The block-based editor was a big technical bet. What made you confident the middle ground worked?

Confidence isn't quite the right word. It was more like — we couldn't see another way. If everything is a block, and blocks can be any type, and blocks can be nested, then you've built a language. You're not building features, you're building primitives. Features come from combining primitives.

The bet was that users are smarter than software designers think. Give people the right primitives and they'll build things you never imagined. That's what happened. The templates people have built in Notion — we couldn't have designed those top-down.

Q

Notion is famously hard to explain. Do you see that as a marketing problem or a design problem?

Both, but mostly neither. It's a category problem. When something is genuinely new, the most honest description sounds wrong. We used to say "it's like Lego for your work." People nod, then try it, then get it.

The fix was templates. Show someone a real CRM built in Notion, a real habit tracker, a real engineering wiki. The category stops mattering when they see the outcome.

Building the team
Q

You stayed at two people for a long time. What was that actually about?

Trust, honestly. Adding people to a small company changes the culture before you have one. Simon and I shared enough context that we could disagree fast and move fast. Adding a third person when you're still figuring out what you're building slows you down in ways that aren't obvious.

Two people who are fully bought in ship faster than five people who have competing intuitions. When we eventually hired, we hired people who had strong taste, not just skills. Skills can be learned. Taste is much harder to teach.

Q

Notion has a reputation for a very specific aesthetic — calm, considered, not "SaaS-looking." Was that intentional from the start?

Yes. I studied fine arts before computer science. The intersection of those two things is what I've always been interested in — software that feels like it was designed by someone who cared. Most software looks like it was designed by a committee that was afraid of making a choice.

There's a Japanese concept, ma — negative space, the meaning in what's absent. We think about that a lot. The goal isn't to add things. It's to remove everything that shouldn't be there until what's left is inevitable.

"The goal isn't to add things. It's to remove everything that shouldn't be there until what's left is inevitable."
— Ivan Zhao
What's next
Q

AI is changing how people interact with productivity software. How does Notion think about it — is AI a feature, or does it change the product fundamentally?
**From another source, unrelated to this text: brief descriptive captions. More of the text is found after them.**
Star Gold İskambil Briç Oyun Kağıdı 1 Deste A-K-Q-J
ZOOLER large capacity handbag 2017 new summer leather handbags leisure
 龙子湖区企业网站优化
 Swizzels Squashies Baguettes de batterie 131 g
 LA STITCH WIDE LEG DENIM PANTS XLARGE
It changes the product fundamentally. Not because of any one capability, but because the interaction model shifts. Right now, you're directing the software. With AI, the software can understand intent and act.

For Notion, this means the same primitives get more powerful. A block can now generate, summarise, connect. The underlying model turns out to be a very good foundation for AI, because AI works best when the data is structured and typed. We didn't plan for that. It was lucky architecture.

Q

Last question: what do you tell founders who are building something that doesn't fit a category yet?

Be patient with the confusion. The confusion means you're doing something real. If everyone immediately understands your product, you're probably in a category that already has a winner. The hardest part isn't building it — it's staying convinced that the category will exist, while it doesn't yet.

Find five users who love it. Not who say they like it — who actually use it every day and would be devastated if it disappeared. Build for those five until you find fifty. The explanation will come later.

IZ
Ivan Zhao
Co-founder & CEO, Notion

Ivan Zhao co-founded Notion in 2013 with Simon Last. Before Notion, he studied cognitive science and fine arts at UBC, which shaped his belief that software should be as expressive as a blank canvas. Notion is used by over 35 million people and teams including Figma, Pixar, and The New York Times.